Kelpies VS Border Collies
For the last few weeks we’ve been looking after some lovely border collies!
I’ve been enjoying observing the difference between these border collies and my two kelpies.
I’ve loved kelpies since McLeod’s Daughters aired on TV in 2001 (actually, if I’m honest, McLeod’s Daughters has a lot to answer for). I’ve loved the kelpies style of work, their eagerness to please, their loyalty, their intelligence and, of course, they’re absolutely gorgeous (every single one of them)!
Pepsi and Noisy are both fairly chilled out kelpies. They don’t work. Not because they don’t have the working instinct but because I don’t have a nice big property with sheep and cows (much to my own disgust). P actually spent her first one and a half years on a dairy farm on King Island. However her previous owners didn’t fully understand the mind of a working dog and chose to use physical abuse to train her (P’s full story will need another blog, so I won’t go into great detail here). Despite her rough start P understands the basic commands for working, I just needed to retrain her so that she didn’t expect a belting with each command. She does have a tendency to think she knows better than me though, occasionally going in the opposite direction that I have asked her to go (and only once or twice has she proven me wrong). P also has the tendency to prefer to round up anything on wheels rather than legs and loves barking and carrying on (sometimes I think I called the wrong dog Noisy).

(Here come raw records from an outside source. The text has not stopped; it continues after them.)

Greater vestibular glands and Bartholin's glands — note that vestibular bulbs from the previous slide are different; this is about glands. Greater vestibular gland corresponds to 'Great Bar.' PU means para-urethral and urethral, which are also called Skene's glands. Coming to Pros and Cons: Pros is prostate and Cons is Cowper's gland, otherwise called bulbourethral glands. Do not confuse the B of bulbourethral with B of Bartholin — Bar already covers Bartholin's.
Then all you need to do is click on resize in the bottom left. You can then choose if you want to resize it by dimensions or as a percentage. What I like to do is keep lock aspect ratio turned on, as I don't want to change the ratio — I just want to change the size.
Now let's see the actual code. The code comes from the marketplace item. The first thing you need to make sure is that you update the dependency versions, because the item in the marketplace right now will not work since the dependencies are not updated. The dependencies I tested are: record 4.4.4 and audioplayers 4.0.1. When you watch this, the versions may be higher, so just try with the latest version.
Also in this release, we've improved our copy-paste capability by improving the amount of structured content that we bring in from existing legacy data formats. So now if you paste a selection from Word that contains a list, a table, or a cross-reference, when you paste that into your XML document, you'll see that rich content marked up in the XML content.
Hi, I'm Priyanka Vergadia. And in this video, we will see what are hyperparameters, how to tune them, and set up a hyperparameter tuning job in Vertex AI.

Noisy, however, hasn’t had a lot of exposure to working, other than trying to work Pepsi every day. She’s attempted to work the odd chook (which aren’t all that easy for a pup just starting out), she’s tried to round up Indian Runner ducks (which are much easier and perfect for starting dogs on), has had a few attempts on sheep and has pushed some cows up once. N just doesn’t quite have the confidence yet and I don’t have the resources or the knowledge to bring her confidence up (which is something I aim to work on).
When it comes to playing with balls or sticks though, P and N are completely focused on the object being thrown. P attempts to round the object up, casting right around it and rarely actually getting it because N has done a beeline straight for it and, more often than not, has caught it in the air. If P does get it, she will parade around with it in her mouth, attempting to bark and yap, until I ask her to bring it to me. Then she will drop it, wherever she happens to be at the time, and will proceed to bark at me as if to tell me to come get it myself. I can always rely on N to bring it back though.
The three border collies we’ve had the pleasure of looking after are completely different. They all seem completely focused on the other dogs rather than the object that is being thrown. And they can’t relax!
P and N know when it’s play time and when it’s relax time. If I’m inside they are on the verandah, on their beds, sleeping. But these border collies can’t sit still. They’re not happy outside, they’re not happy inside. They always have to be doing something. Like a kid with ADHD.
Maybe I just have it easy with my dogs. Either way, I am definitely a kelpie lover and am very grateful that P and N are so easygoing.